Author: themancalledscott

Born of cold and winter air and mountain rain combining, the man called Scott is an ancient sorcerer from a long-forgotten realm. He’s more machine now than man, twisted and evil. Or, you know, he could just be some guy who loves video games, animations and cinema who just wanted to write about such things.

9 thoughts on “Spyro the Dragon Review”

  1. Good post! If you found the first game monotonous because of the collecting, I wonder why you enjoyed the sequels more? I like the first game because of its simplicity and found the second game too collector-centric. I’m probably going to do a podcast on spyro soon, so watch this space.

    Liked by 1 person

    1. I’ll be on the lookout (listenout?) for that podcast.

      Truth be told, my memories of Spyro aren’t quite as vivid as my memories of Crash Bandicoot, but I remember the sequels added more characters and such to the gameplay. Perhaps I should have waited to revisit them before making the comparison?

      Liked by 1 person

      1. I have to say having gone back to the Spyro games recently it was really fascinating to see those late nineties expectations for games shaped the series. I’ve only played the first two at this point but I understand the third one has even MORE minigames, MORE collectibles and the ability to travel on a skateboard… I’m not all that anxious to play it because to me the second game already feels somewhat bloated.

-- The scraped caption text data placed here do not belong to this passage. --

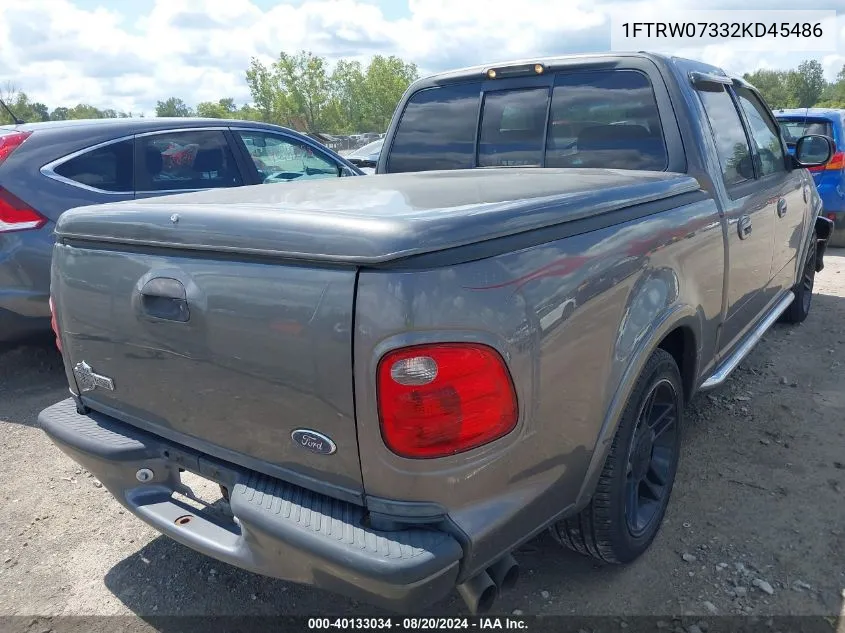 2002 Ford F-150 Lariat VIN: 1FTRW07332KD45486 Lot: 40133034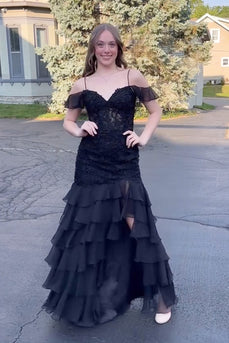 Black Corset Appliqued Lace Long Prom Dress with Slit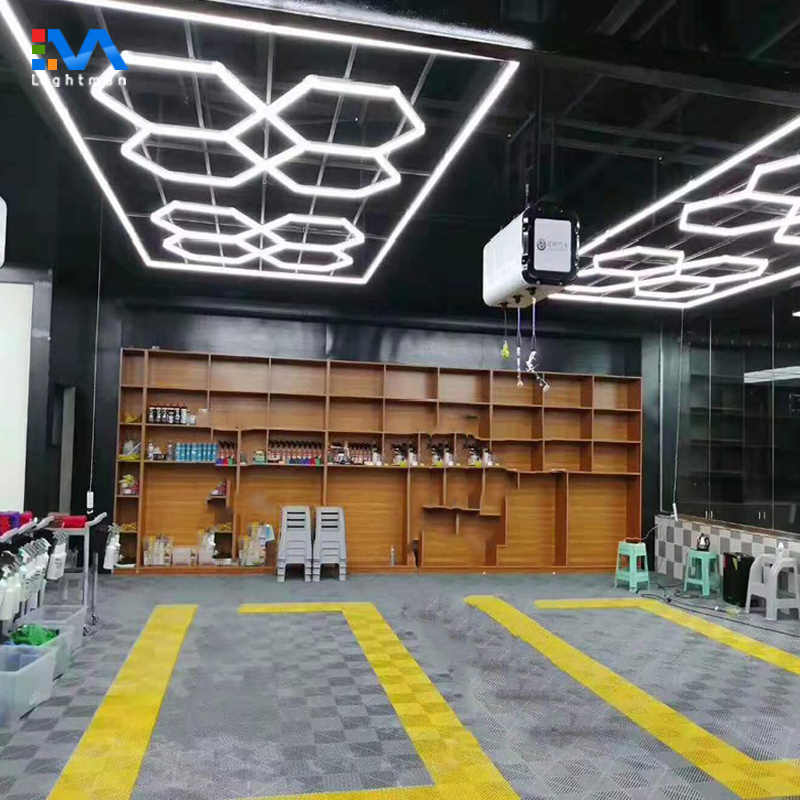 615w 639w Car Inspection Care Detailing Workshop Machine Equipment and Tools Cars Hexagon Led Work Ceiling Light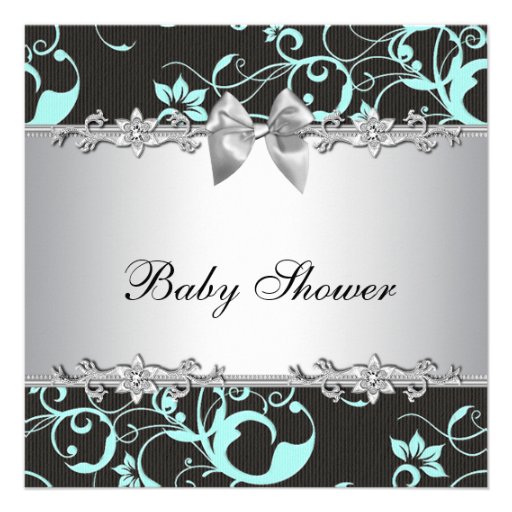 Teal And Gray Baby Shower Invitations 5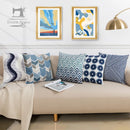 Axyaa Blue Floral Geometric Embroidery Pillow Cover 45x45cm for Cozy Living Room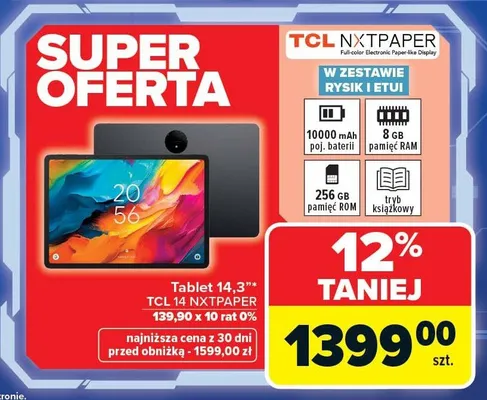 Tablet 14,3'' TCL 14 NXTPAPER promocja w Carrefour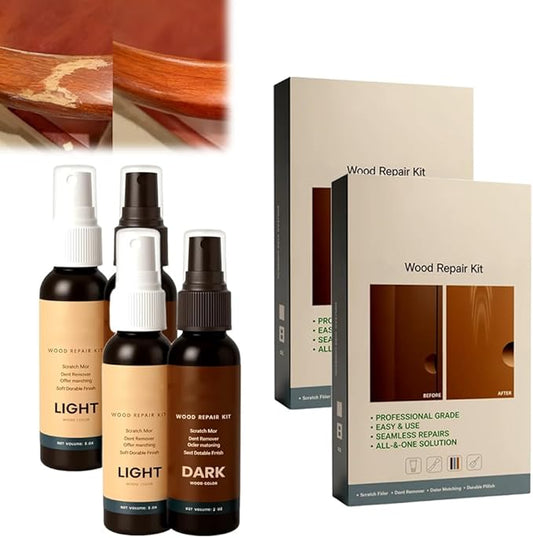 Wood Repair Kit, 2026 New Furniture Scratch Remover Spray, Hardwood Floor Restorer for Scuffs and Dents, Liquid Polish for Cabinets and Tables, Light and Dark Set (2pcs)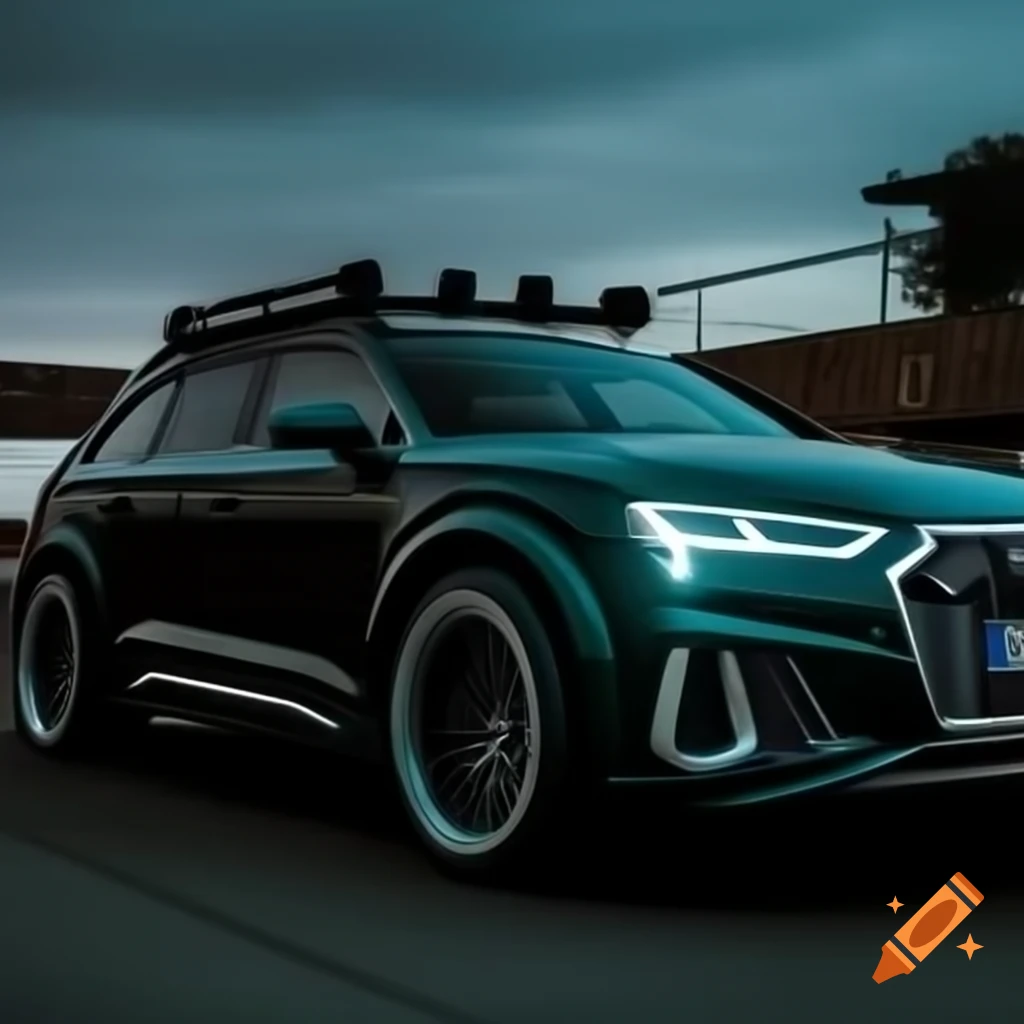 Audi A6 C7 Allroad in nature green with all-terrain tires, light bar, and roof rack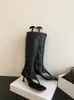 Primeiro Encontro com as Sandálias de Salto Alto com Tiras Finas e Bico Quadrado de Verão da Moda, Sexy e Emagrecedoras, Botas de Cano Alto com Zíper Lateral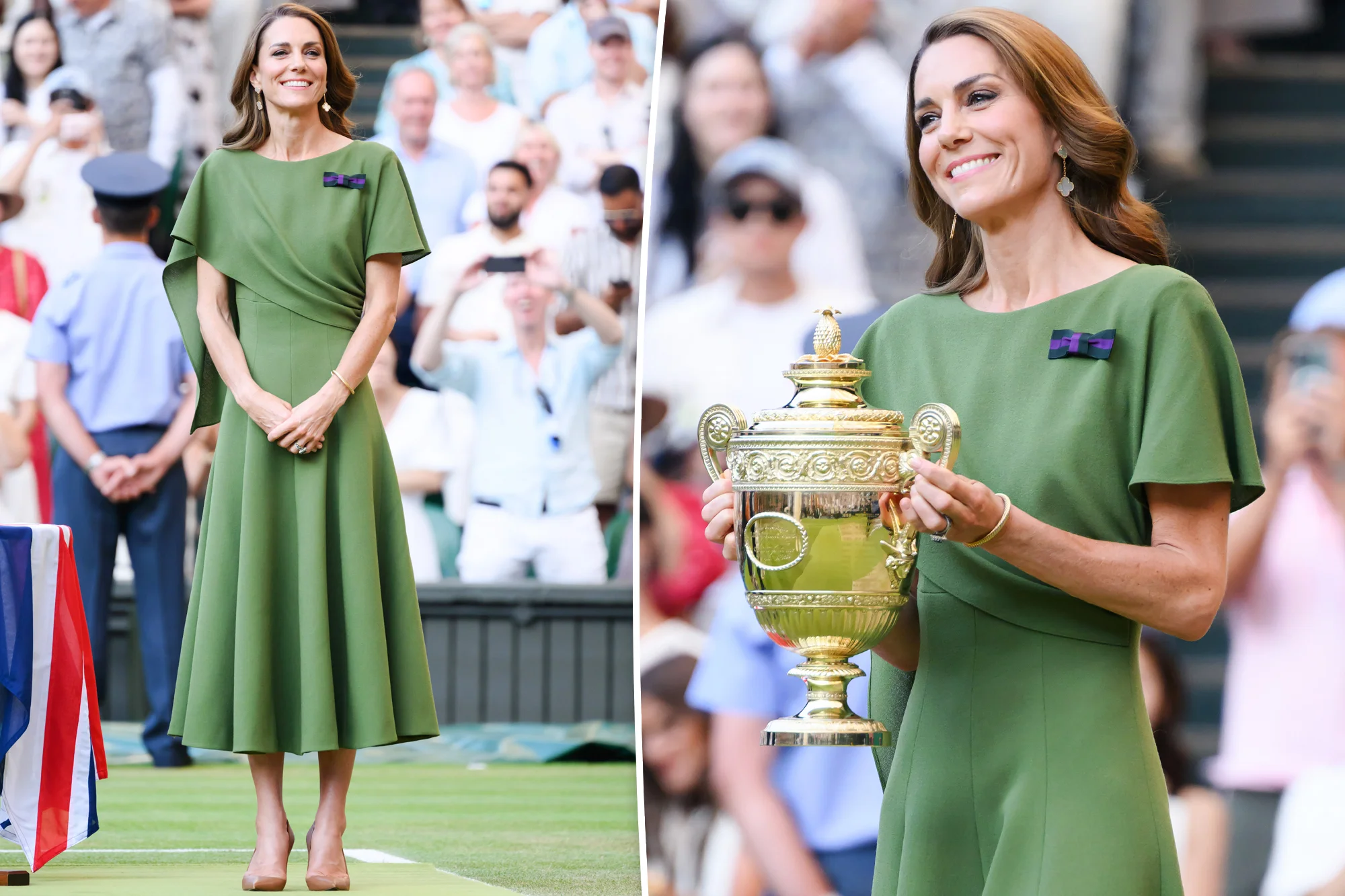 Kate Middleton matches Wimbledon’s iconic courts in caped green dress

        By the way, are these games available on PSN or in some kind of re-release? I was pretty shocked when trying to get hold of these games on the PS1 by how expensive they are – the second game typically sells for around £20 ($25-30 dollars or so?) and I don’t get why. Crash games sell for around a fiver each and I’d have thought Spyro would be similarly ubiquitous.

        Liked by 1 person

      2. They are indeed on PSN for 6USD. I don’t currently have a PSOne (I need to get another one) so PSN is, like Nintendo’s eShop, a bit of a lifesaver. As much as I’d like these games in their original forms, that can take a toll on the wallet, so I usually only reserve that for my favorite games that I must have in all available forms.

        When it comes to collectathons, none of them beat Banjo-Kazooie and its sequel. There’s actually a lot of fun to be had with the concept, but I agree it was a subgenre of platformer that quickly burned itself out due to the lengths they’d stretch the collecting (thanks a lot, DK64).

        Hopefully, revisiting the Spyro sequels will be a pleasure. I don’t mind mini-games so long as they’re fun and bring some variety.

        Liked by 1 person

  2. Great review buddy! By far my least favourite in the series, Year of the Dragon takes the cake for me so I’m curious on your opinion on that bad boy! I grew up with Spyro as opposed to Mario 😛 I will agree that the first game severely lacked variety and felt like a monotonous collectathon, both Ripto’s Rage and Year of the Dragon added new characters and tons of new mini-games (especially the latter) to really help fluctuate its variety. Anyway looking forward to your future reviews of the series!

    Liked by 1 person

    1. It is literally quite hard for me to imagine someone growing up without Mario. 😛

      I’m looking forward to playing the Spyro sequels. Hopefully that will be really soon, but there are so many games on PSN that I want to revisit/discover, and my wallet can only take so much. But the Spyro titles are notably cheaper than a lot of other games I’m looking into getting, so I might get to them first.

      As always, thanks for reading and commenting.

      Liked by 1 person

  3. I’m in love with the fact that you chose to write about Spyro! Just like the other guy said I grew up with my dad buying Spyro compared to Mario so this just brought me back! Thanks man, beautifully written once again.

    Liked by 1 person

  4. I’m surprised how much of a resurgence this game is making compared to its succesors, I frankly agree the games design is just empty and sort of boring when I look back at it. I guess there’s a reason why I only ever revisited Spyro 2 as a kid.